The government also sought to charge her with another offense under the FACE Act, which involved, you know, obstruction of someone else’s exercise of their religious practices. The magistrate refused to sign on to that charge, so we’re left with the conspiracy to violate constitutional rights. This was an exercise of free speech. They were exercising their own constitutional rights. It’s unheard of for someone, people to be charged with a criminal offense for free speech protests like that. That’s a —

AMY GOODMAN: Jordan?

JORDAN KUSHNER: — legal, peaceful protest. Yeah.

AMY GOODMAN: Jordan, I was just watching Right Reverend Craig Loya, who’s the 10th bishop of the Episcopal Church in Minnesota. He talked about what’s happening, the immigration crackdown, as a campaign of “reckless cruelty.” He refused to condemn what Nekima had done, said that it’s time — and we’ve seen this with the Catholic bishops, as well — saying it’s time for us to, he said, “put our bodies on the line.” I want to end just by saying we wanted to have Nekima on this morning, but she’s still not out of jail? We have 10 seconds.

JORDAN KUSHNER: Yeah, the magistrate ordered her release. The government did a maneuver where they appealed. So it’s being reviewed by a judge and waiting for a judge’s decision about whether she’s going to be released. So, the government used more manipulative tactics to keep her in jail, when there was no basis whatsoever. No one is detained on a case like this.

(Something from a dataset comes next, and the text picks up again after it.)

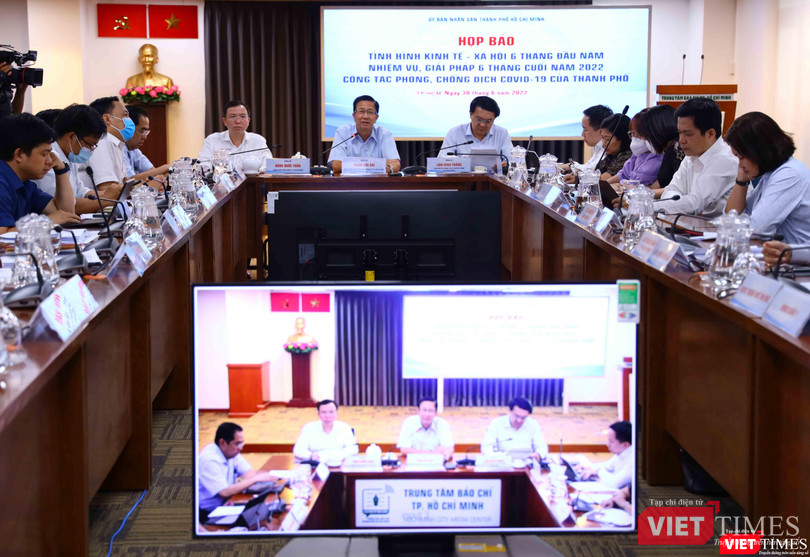 TP.HCM liên tục họp để chỉ đạo tình hình chống dịch sốt xuất huyết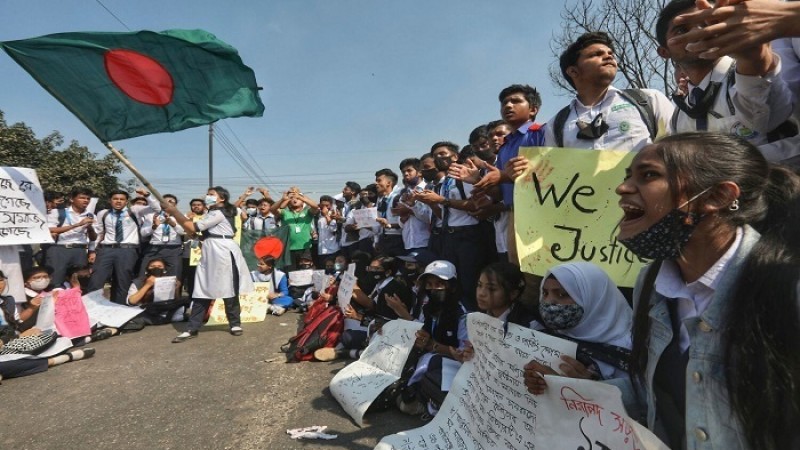 নিরাপদ সড়কের দাবিতে আবারও সড়কে শিক্ষার্থীরা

AMY GOODMAN: I want to thank you very much for being with us. Others arrested included Chauntyll Louisa Allen, a St. Paul school board member, and activist William Kelly. Jordan Kushner, thanks so much for being with us, civil rights and criminal defense attorney representing Nekima Levy Armstrong, who’s still in jail after being arrested last Sunday — after being arrested yesterday for peacefully protesting a St. Paul church Sunday where a top ICE official serves as a pastor.